-------- PROVIDED RECORDS --------
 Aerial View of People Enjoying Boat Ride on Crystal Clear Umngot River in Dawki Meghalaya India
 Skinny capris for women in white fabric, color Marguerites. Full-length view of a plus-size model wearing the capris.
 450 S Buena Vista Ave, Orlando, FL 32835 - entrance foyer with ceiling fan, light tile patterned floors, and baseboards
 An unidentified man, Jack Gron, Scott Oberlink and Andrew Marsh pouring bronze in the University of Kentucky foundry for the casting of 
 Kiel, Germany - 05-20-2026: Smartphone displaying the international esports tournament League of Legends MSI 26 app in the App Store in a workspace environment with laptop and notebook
--------
-------- PROVIDED RECORDS --------
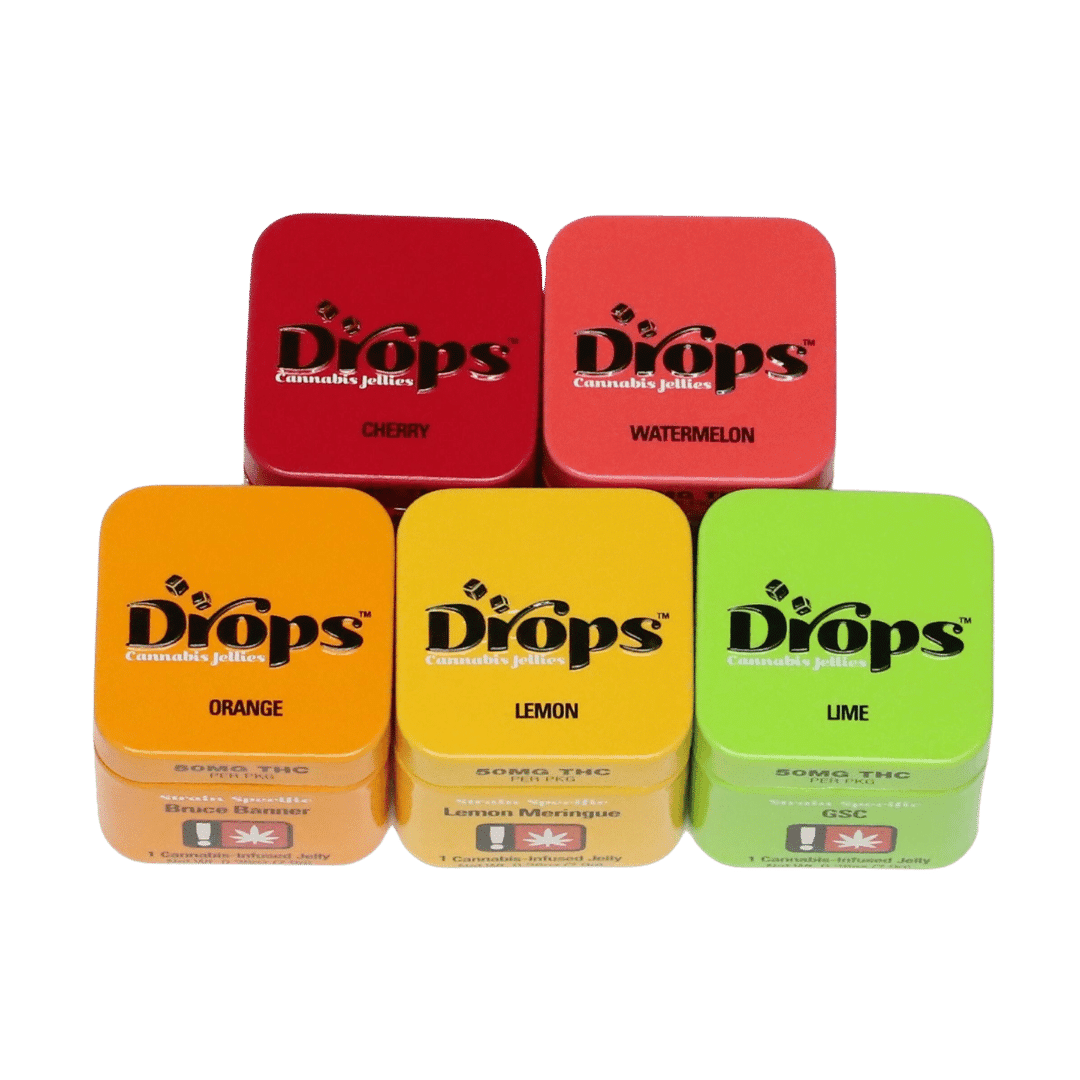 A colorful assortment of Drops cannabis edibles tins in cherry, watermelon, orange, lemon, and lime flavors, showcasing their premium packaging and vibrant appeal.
--------
Please give back exactly the lines of this listing beginning at the line with "Aerial View of" and ending with the line with "Kiel, Germany - 05-20-2026: Smartphone", both included, and nothing else.

**ANSWER FOR THIS EXERCISE:**
 Aerial View of People Enjoying Boat Ride on Crystal Clear Umngot River in Dawki Meghalaya India
 Skinny capris for women in white fabric, color Marguerites. Full-length view of a plus-size model wearing the capris.
 450 S Buena Vista Ave, Orlando, FL 32835 - entrance foyer with ceiling fan, light tile patterned floors, and baseboards
 An unidentified man, Jack Gron, Scott Oberlink and Andrew Marsh pouring bronze in the University of Kentucky foundry for the casting of 
 Kiel, Germany - 05-20-2026: Smartphone displaying the international esports tournament League of Legends MSI 26 app in the App Store in a workspace environment with laptop and notebook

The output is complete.